*What you are asked to do*.
Print each line from the start of the records below up through the line where "Food in Chalet Silvretta Hotel & Spa" is found, exactly as given.

(Data provided Opens)

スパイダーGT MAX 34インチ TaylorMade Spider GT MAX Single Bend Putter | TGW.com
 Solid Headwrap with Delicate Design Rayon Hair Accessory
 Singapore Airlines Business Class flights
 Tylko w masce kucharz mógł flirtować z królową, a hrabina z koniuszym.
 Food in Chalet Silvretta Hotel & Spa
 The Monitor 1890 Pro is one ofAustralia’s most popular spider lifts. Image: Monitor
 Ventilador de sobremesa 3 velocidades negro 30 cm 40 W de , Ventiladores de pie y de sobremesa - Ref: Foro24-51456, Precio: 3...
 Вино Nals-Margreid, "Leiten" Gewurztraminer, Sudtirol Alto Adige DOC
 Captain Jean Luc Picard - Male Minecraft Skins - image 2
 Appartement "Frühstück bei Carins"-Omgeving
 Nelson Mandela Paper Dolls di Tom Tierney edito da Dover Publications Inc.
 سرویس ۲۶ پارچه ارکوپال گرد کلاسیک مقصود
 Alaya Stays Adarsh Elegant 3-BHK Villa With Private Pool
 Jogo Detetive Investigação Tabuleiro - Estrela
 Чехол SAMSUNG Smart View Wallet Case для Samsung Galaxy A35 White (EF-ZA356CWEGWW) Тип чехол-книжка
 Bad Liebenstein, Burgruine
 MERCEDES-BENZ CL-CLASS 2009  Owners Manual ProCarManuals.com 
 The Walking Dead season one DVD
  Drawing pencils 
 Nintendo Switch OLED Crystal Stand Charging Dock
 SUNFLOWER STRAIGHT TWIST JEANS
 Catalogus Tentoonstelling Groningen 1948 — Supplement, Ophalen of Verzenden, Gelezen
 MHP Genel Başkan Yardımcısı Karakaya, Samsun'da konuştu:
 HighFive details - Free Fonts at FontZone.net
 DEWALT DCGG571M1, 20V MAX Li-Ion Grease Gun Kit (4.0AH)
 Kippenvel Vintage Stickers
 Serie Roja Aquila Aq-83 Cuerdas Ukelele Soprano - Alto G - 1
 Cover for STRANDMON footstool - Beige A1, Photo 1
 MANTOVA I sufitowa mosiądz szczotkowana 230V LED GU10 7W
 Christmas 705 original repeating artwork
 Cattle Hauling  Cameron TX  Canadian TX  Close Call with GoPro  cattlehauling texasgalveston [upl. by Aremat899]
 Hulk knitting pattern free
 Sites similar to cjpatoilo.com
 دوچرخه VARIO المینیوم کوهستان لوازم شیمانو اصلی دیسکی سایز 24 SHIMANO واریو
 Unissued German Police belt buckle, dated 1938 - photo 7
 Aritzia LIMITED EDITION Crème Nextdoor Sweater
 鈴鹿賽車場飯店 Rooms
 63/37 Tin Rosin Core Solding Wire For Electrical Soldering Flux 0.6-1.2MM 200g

(Data provided Closes)

*Task output*.
スパイダーGT MAX 34インチ TaylorMade Spider GT MAX Single Bend Putter | TGW.com
 Solid Headwrap with Delicate Design Rayon Hair Accessory
 Singapore Airlines Business Class flights
 Tylko w masce kucharz mógł flirtować z królową, a hrabina z koniuszym.
 Food in Chalet Silvretta Hotel & Spa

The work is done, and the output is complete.